TASK DETAILS
The expected answer is the set of lines in the data below between the line holding "Tourist destination images" and the line holding "Macro detail of", inclusive, written out exactly.

BEGIN MATERIAL PROVIDED

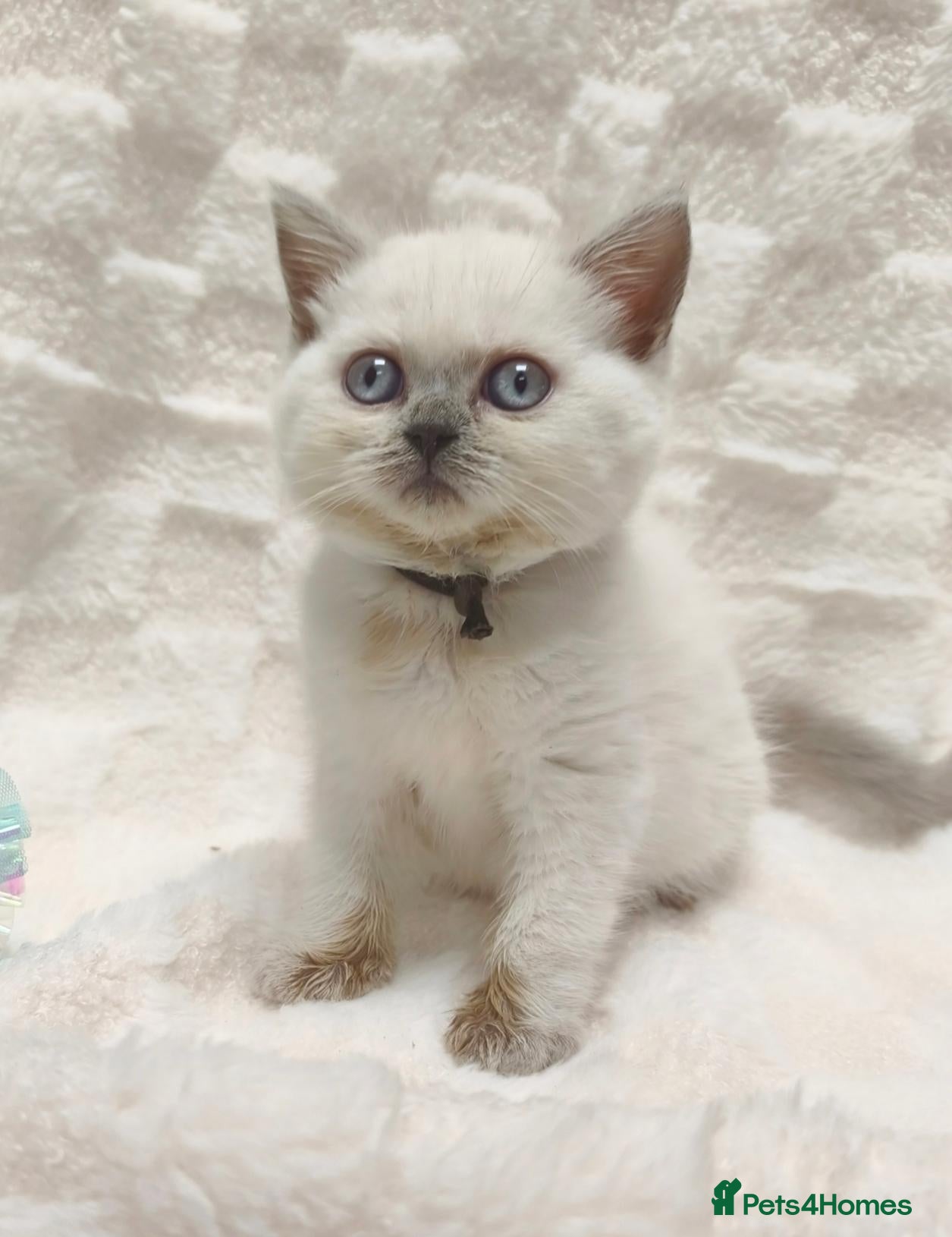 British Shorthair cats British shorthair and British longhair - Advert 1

END MATERIAL PROVIDED
BEGIN MATERIAL PROVIDED

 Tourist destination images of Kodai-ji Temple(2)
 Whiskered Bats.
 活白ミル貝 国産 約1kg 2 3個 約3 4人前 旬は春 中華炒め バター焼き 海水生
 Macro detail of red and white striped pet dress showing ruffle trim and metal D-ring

END MATERIAL PROVIDED

ANSWER FOR THIS EXERCISE
 Tourist destination images of Kodai-ji Temple(2)
 Whiskered Bats.
 活白ミル貝 国産 約1kg 2 3個 約3 4人前 旬は春 中華炒め バター焼き 海水生
 Macro detail of red and white striped pet dress showing ruffle trim and metal D-ring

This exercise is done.